Lead researcher Bryce Hughes, a professor at Montana State University, looked at the retention rates of 4,162 students across 78 different higher-education institutions, all of whom were enrolled in pursuing majors in the science, technology, engineering, and math fields (known collectively as STEM).
Three thousand eight hundred and forty-four of the students identified themselves as heterosexual in a survey taken at the beginning of their first year, while 318 students did not. A follow-up survey at the end of senior year found that 71.1 percent of heterosexual students stayed in a STEM major. By contrast, 63.8 percent of lesbian, gay, and bisexual students reported staying in a STEM major.
Surprisingly, students who identified in the survey as non-heterosexual were more likely to get involved in undergraduate research, which is usually correlated with a higher probability of staying in the STEM fields.
When the groups were split according to sex, Hughes found that queer men experienced lower retention rates than heterosexual men, but queer women had higher retention rates than heterosexual women.
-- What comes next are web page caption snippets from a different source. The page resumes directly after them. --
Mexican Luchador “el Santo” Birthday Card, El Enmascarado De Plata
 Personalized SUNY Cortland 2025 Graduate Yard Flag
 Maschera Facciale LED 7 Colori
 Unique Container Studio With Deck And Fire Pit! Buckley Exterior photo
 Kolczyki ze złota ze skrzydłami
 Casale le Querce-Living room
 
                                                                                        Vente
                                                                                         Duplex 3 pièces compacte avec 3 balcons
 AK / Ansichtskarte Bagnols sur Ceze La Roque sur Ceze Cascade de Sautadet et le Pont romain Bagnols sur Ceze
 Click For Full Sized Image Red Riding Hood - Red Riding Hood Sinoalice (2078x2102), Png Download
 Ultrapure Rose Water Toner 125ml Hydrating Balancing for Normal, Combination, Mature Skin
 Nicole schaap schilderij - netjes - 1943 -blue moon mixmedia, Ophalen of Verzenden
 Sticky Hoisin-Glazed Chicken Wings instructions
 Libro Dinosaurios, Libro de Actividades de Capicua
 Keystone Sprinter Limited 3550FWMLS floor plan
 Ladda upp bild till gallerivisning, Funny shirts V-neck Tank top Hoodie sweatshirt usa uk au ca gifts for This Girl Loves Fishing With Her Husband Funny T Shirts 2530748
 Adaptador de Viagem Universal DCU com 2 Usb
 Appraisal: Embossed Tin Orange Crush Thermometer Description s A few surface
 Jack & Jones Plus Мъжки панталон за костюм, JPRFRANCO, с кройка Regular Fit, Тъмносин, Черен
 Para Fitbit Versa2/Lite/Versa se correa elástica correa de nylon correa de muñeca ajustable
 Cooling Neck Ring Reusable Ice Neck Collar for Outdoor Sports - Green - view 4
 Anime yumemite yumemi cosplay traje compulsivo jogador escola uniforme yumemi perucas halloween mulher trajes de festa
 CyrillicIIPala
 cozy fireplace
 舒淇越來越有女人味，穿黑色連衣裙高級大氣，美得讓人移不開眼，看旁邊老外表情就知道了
Hughes supposes this is due to a hostility against femininity and an association between science and stereotypical masculinity that exists.
“Gay and bisexual men are probably somewhat stereotyped as more feminine and thus subject to a little more of a hostile climate,” Hughes says. “Lesbian and bisexual women might somehow conform to a stereotype that their peers have about who belongs in the field better than heterosexual women.”
However, all men, regardless of sexual orientation, were more likely to stay in the STEM major than women of all sexual orientations.
Hughes’ study is among the first to look at the disparities between queer students and their heterosexual counterparts in the STEM fields. He suggests that more quantitative research is still needed. In the future, he hopes to see that research look also at gender identity—which would include trans and non-binary students—a component his study did not focus on.